What is the terrifying sorcery is that there were two ways to set up your cartridge if you were 4MB or less, which I will call "the Super Metroid Way" and "the Final Fantasy 6 Way". In the SM way, your 4MB of code and data gets divided up 32KB at a time and takes up half of each of the 64KB banks (4MB / 32KB = 128 banks required, and it's mirrored into the fast/slow parts). In the FF6 way, your code and data gets divided up 64KB at a time and takes up 64 banks, with half of each of those banks copied into the other 64. Some banks can only take 32KB of ROM, and they use the other 32KB for stuff like RAM and I/O. That's pretty important, so even in FF6 mode you're usually not in your "real" banks. It's a kind of weird setup, but for the Super Metroid setup it's really convenient, especially if you're 2MB or less like, oh, LttP.

Which brings us to the part that is completely wild. Chrono Trigger style carts work like FF6, not like SM or LttP. Now, Link to the Past can be made to work in this setup almost completely transparently anyway; you just use the 32KB parts of each 64KB bank that LttP actually did and either ignore the rest or use it for the actual new rando logic/data. (You have a free megabyte to use here! This is why an SMZ3 cart is exactly 1MB more than the 5MB that are SM and LttP summed up.)
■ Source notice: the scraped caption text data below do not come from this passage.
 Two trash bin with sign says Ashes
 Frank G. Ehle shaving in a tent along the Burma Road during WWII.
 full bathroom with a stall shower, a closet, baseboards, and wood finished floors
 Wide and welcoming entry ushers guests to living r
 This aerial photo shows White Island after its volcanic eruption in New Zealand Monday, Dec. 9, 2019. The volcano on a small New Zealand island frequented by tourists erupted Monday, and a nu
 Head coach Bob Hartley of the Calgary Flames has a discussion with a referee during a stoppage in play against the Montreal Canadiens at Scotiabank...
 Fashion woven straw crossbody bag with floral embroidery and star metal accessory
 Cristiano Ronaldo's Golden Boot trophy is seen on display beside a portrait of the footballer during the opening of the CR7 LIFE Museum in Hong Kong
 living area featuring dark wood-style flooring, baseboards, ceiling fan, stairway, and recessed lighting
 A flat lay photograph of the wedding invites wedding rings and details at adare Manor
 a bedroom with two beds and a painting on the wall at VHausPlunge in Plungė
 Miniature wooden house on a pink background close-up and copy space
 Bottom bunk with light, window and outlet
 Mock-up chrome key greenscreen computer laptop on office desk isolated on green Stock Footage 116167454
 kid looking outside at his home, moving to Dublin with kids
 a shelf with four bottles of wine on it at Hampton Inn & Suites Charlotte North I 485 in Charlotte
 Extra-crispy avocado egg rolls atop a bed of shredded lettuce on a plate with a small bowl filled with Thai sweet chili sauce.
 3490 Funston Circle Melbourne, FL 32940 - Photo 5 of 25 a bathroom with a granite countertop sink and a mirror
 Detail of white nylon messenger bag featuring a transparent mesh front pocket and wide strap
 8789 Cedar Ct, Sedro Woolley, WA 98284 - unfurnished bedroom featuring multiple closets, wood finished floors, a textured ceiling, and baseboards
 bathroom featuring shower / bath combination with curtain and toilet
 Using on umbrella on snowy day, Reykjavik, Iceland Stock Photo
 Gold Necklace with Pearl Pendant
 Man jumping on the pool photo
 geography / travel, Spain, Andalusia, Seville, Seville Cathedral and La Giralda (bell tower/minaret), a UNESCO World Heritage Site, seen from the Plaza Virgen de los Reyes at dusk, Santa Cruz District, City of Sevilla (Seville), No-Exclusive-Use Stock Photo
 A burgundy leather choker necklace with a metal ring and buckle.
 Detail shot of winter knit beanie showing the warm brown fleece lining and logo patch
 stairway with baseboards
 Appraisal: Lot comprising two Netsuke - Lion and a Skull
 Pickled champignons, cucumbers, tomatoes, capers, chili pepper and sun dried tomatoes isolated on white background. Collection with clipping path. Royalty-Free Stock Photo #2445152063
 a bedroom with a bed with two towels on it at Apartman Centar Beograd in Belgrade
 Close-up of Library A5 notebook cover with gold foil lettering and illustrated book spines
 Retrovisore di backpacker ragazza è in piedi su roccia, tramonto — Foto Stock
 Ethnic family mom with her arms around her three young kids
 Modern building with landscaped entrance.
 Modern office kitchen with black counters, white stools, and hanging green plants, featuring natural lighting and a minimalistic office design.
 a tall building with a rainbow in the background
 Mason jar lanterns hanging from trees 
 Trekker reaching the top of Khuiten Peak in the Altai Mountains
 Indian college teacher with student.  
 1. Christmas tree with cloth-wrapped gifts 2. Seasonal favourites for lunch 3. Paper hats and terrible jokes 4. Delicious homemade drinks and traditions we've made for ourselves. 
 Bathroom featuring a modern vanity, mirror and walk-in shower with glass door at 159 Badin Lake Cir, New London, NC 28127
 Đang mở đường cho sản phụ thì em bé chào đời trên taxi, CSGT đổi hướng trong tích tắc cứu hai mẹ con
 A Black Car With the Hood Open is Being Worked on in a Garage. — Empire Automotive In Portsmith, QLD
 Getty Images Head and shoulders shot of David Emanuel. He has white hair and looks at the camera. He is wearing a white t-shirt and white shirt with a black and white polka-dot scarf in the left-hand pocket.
But Super Metroid has to be restructured out of the SM memory layout into the FF6 one. Here's where the miracle happens. It turns out that every place where this would matter—every bit of SM that isn't in that first 2MB where you can fake SM-like behavior in a Chrono Trigger cart—is data, and not only data but compressed data. So they took all that data, shifted its location by 32KB so it's taking up the rest of the now-64KB bank that was its original bank, and were able to make all this work simply by modifying the data decompression routines to shift the source address by 32KB if it detects that it was in the top 2MB originally. So the actual cartridge data in SM is shuffled together like a deck of playing cards, and they get it to work anyway with only like 300 instructions worth of modification and extension.

This is a completely unreasonable effect for so small an extension. There is indeed some incredible serendipity that makes this possible after all... we just had to dig into it a little to find it.